I adore Dvorak's Slavonic Dances and everytime when I hear the No.10 I try desperately to remember a film - most likely a very good one in which it's played: 





Can anyone help?


----------



## izeslovo

Isola said:


> I adore Dvorak's Slavonic Dances and everytime when I hear the No.10 I try desperately to remember a film - most likely a very good one in which it's played:
> 
> 
> 
> 
> 
> Can anyone help?


Hi, just happened to me also looking for the similar: in which film(s) Dvorak's Slavonic Dances are used (specifically No.2 Opus 72.) For this dance I found :





'A beautiful scene from the film Venus (2006) - veteran actors Maurice (Peter O'Toole) and Ian (Leslie Phillips) share a fond moment in Covent Garden's Actors' Church...'

Regards
Iva


----------



## Ulas Aktok

It bears a strong resemblence to the Godfather Theme.

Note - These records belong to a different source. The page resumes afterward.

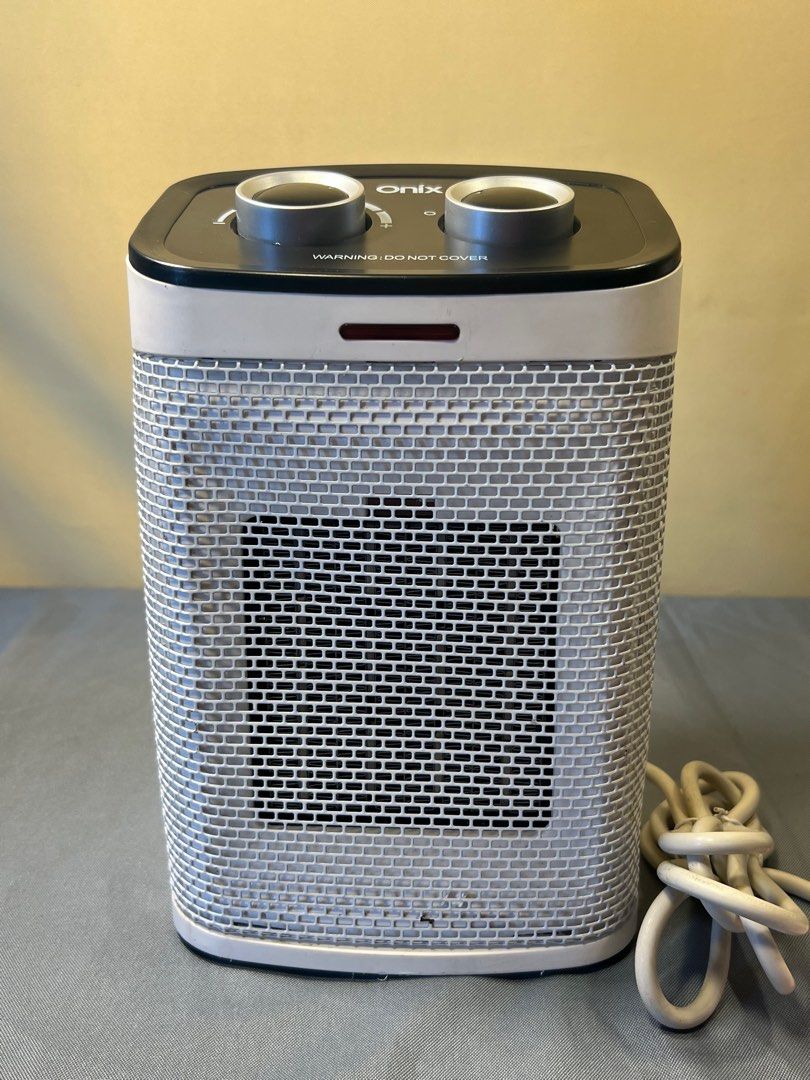 Ceramic Fan Heater (Category: Air Conditioning and Heating) located in Quezon City. Submitted by lucas_luxuries (Listing ID 1224501156, Image 2). Description: 220V 1500W Good 100% Working No Box Imported from Australia .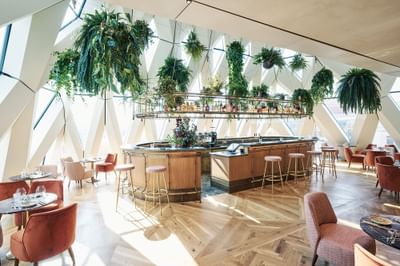 Interior of a bar featuring plush seating and abundant greenery against large windows at Hotel Motto Vienna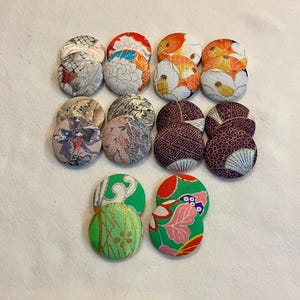 May include: A collection of twelve round fabric-covered buttons. The buttons feature various Japanese-inspired patterns in colors like red, orange, green, and purple. Some have floral designs, while others display geometric or abstract motifs. The buttons are arranged on a white surface.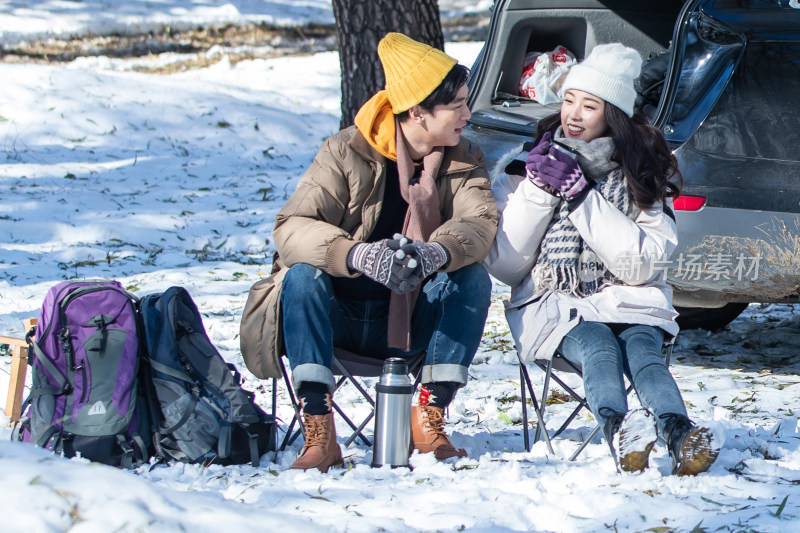 坐在汽车旁的青年夫妇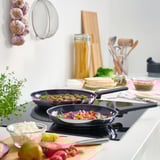 MIDDAGSMAT frying pans cooking on modern stovetop, surrounded by fresh ingredients and kitchen tools.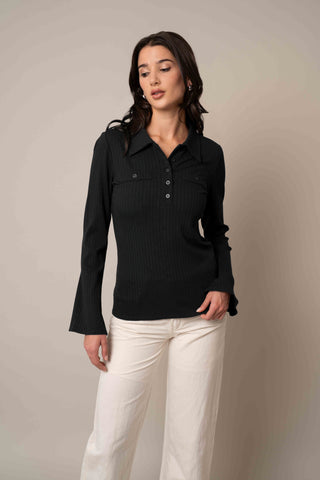 Model is wearing the Flared Sleeve Button-Up in Black.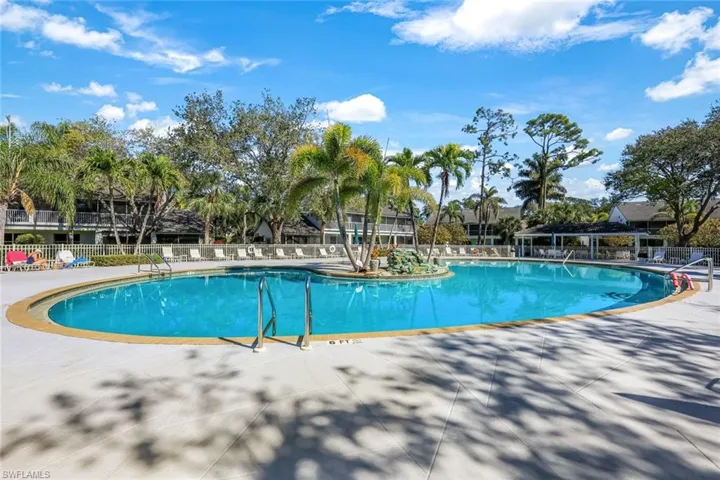 Community pool with waterfall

Especially to the orchestral suite version. I think that's what you are trying to remember.


----------



## Becca

Except that there is no #10. Dvorak wrote two sets of Slavonic Dances, Op46 & 72, with only 8 in each set, so do you actually mean #2 in Op72?


----------



## Art Rock

Becca said:


> Except that there is no #10. Dvorak wrote two sets of Slavonic Dances, Op46 & 72, with only 8 in each set, so do you actually mean #2 in Op72?


OP was last seen Last Nov 4, 2010 - I doubt there will be an answer to your question.


----------



## Becca

Duh ... I should know better!!


----------



## Ulas Aktok

Seriously though, give them a listen, dont they sound suspiciously similar?


----------